The requirement has faced some backlash from lawyers and legal scholars, who argue it imposes beliefs on licensees and is a violation of freedom of conscience.
“When you ask people to swear that they have any particular value — even if that view is one that we would all agree is unproblematic — you’re coercing people to reveal what is innermost,” says Alford.
Alford has asked the court to declare that the requirement is contrary to the rule of law and unsupported by the regulator’s Rules of Professional Conduct.
The professor’s application argues the requirement is disproportionate, inoperable and unconstitutional. Alford says it could have a number of problematic consequences.
He said the Supreme Court of Canada ruled in a 1984 decision, National Bank of Canada v. Retail Clerks International Union, that compelling people to say they agree with a particular value is totalitarian and not characteristic of a free state.
“A lot of people in the legal profession find the fact that the law society would be doing that particularly problematic, given that the law society is representative of a profession that is meant to be guardians of the constitution [and] defenders of the rule of law,” he says.
Under the new requirement, lawyers and paralegals have to adopt a statement and check a box on their annual reports to show they have complied. They will not have to submit the statement to the law society, which has said it will not impose a penalty this year for noncompliance.
Proponents of the requirement have said that the requirement is reflective of obligations lawyers already have under the Ontario Human Rights Code.
Asher Honickman, the lawyer representing Alford in the matter, however, says the requirement goes beyond any such obligation.

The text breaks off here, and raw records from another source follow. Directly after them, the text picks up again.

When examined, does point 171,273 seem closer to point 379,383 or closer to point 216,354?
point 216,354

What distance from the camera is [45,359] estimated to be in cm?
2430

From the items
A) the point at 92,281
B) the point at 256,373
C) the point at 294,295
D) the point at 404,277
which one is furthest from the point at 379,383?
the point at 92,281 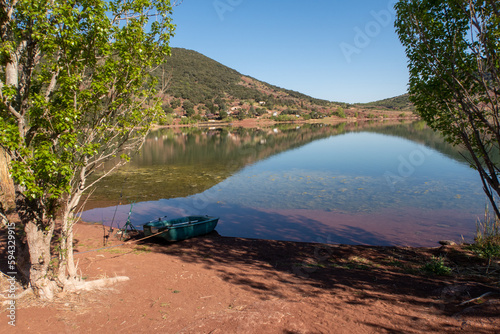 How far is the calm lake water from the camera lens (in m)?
13.2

“What this says is not only that we have to comply with the law, but that we have to ‘promote’ these values and promote them ‘generally’,” says Honickman, a partner with Matthews Abogado LLP.
“There is a lot of ambiguity about what that even means, but certainly that is not what the Human Rights Code says.”
Alford has asked the court to order an interim injunction until his application can be heard in full, as lawyers will have to abide by the requirement in their 2017 annual report due at the end of March.
Honickman stresses that his client is a proponent of diversity, equality and inclusion, but the application is not about those values.
“This has nothing to do with what my client certainly thinks about equality, inclusion [and] diversity. My client is a supporter of those things. That’s not what this is about,” he says. “This is simply about what the law society, as an arm of the state, can compel lawyers to do.”
A spokeswoman for the law society confirmed Alford’s Notice of Application was served Tuesday morning.
“We are reviewing the application and will be responding to it,” she said in an emailed statement.